Electric vehicles tend to be more expensive than gas and hybrid ones. The tax rebates are gone. Interest rates are high.
“Buyers are more focused on value than trying to get into a new platform,” he said.
Automakers, once full of plans for EVs, have been forced to change directions.
Ford replaced its fully electric F-150 Lightning with a hybrid model.
The long-delayed plan to launch an all-electric Ram 1500 pickup is gone, replaced by the promise of a hybrid truck.
“What we are registering is a higher interest on hybrids. This is the power train that is fastest-growing in the market, hybrids,” Antonio Filosa, CEO of Stellantis and owner of Ram, said on an April earnings call.

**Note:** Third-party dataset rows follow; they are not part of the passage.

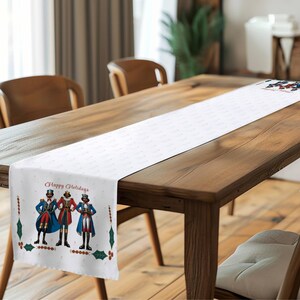 May include: White table runner with a repeating dot pattern and a festive design. The design features three toy soldier figures in blue and red coats, with the text "Happy Holidays" in red. Holly and berry accents frame the design.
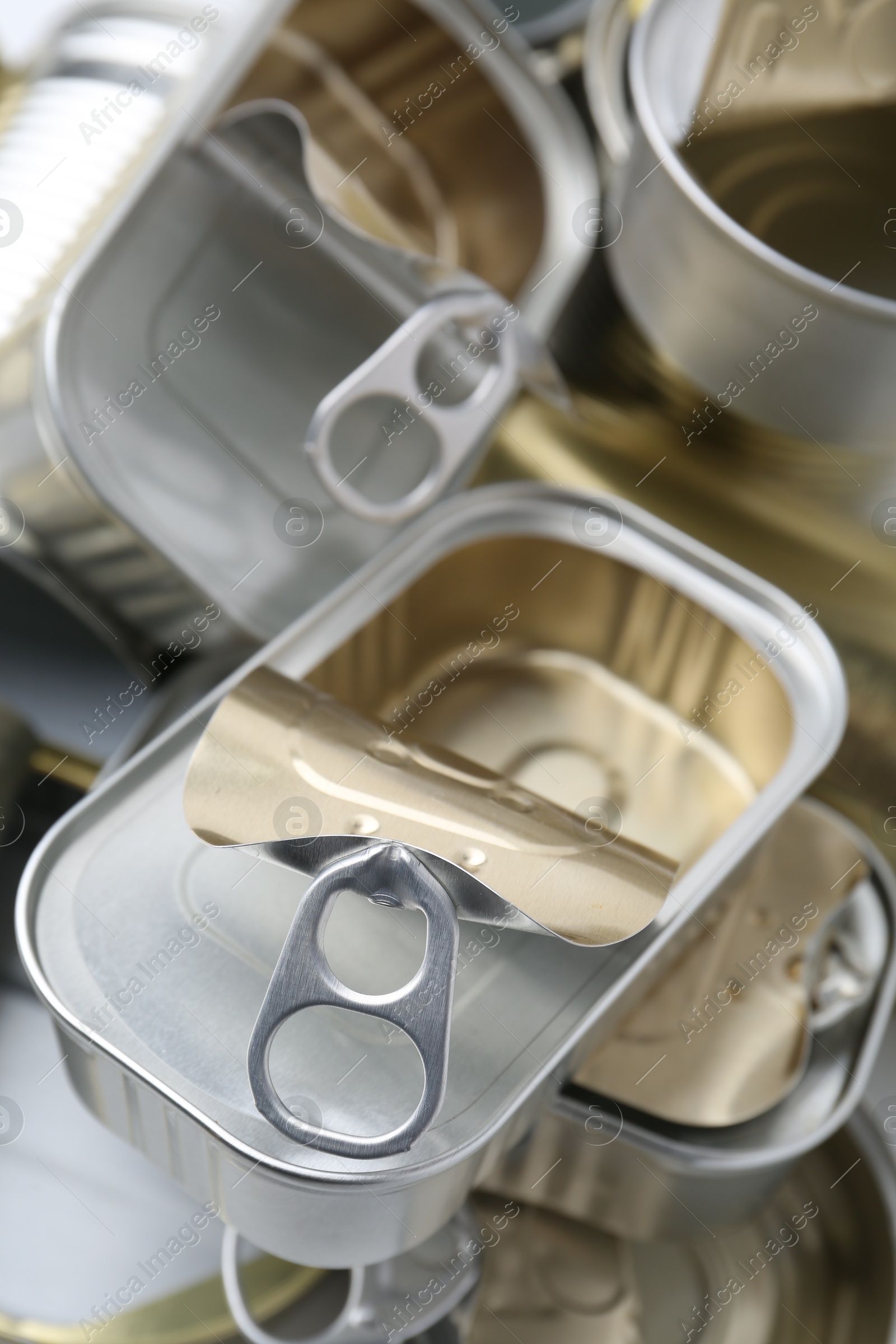 Photo of Many open tin cans as background, closeup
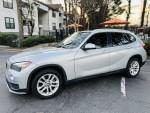 2015 BMW X1 xDrive28i AWD in silver parked near an apartment, featuring tinted windows and alloy wheels.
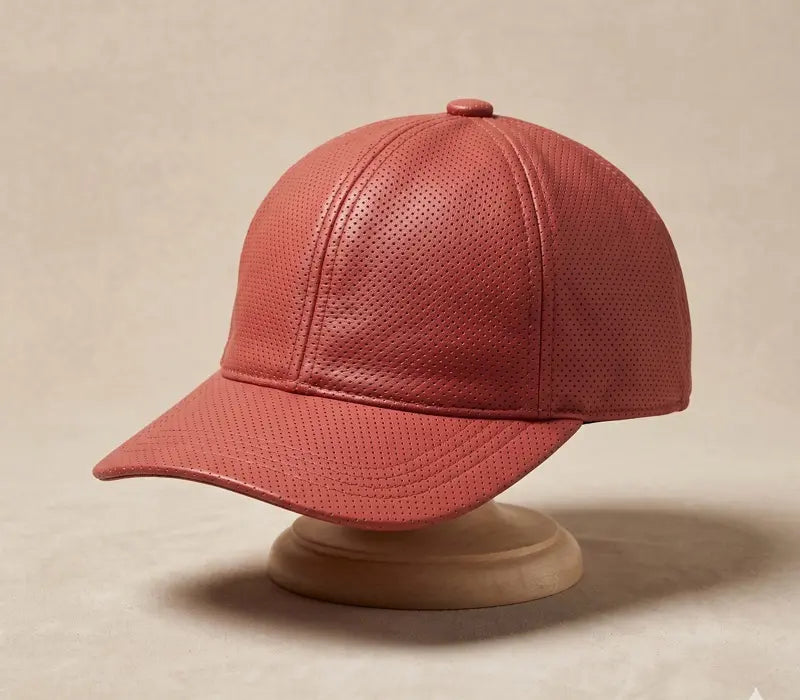 Red textured baseball cap on a beige stand against a beige background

General Motors CEO Mary Barra said the automaker was scaling back its EV production because it was “operating in a U.S. regulatory and policy environment that is increasingly aligned with customer demand.” But Barra said GM wasn’t giving up entirely on EVs.
“We know EV drivers don’t often go back” to internal combustion engines, Barra said.
The popularity of hybrids has been a win for Toyota’s original strategy.
The automaker’s entire fleet has been slowly shifting to hybrid-only. Its Sienna minivan went that route in the 2021 model year. The Land Cruiser went hybrid with its 2024 model. The Camry followed the next year. The biggest switch came with the 2026 model of the RAV-4 — America’s best-selling compact SUV.
It is available only as a hybrid. Sales have held up.
“The conundrum for the industry is there is interest in electric vehicles,” said Stephanie Brinley, associate director at S&P Global Mobility. “We’re just not quite there yet.”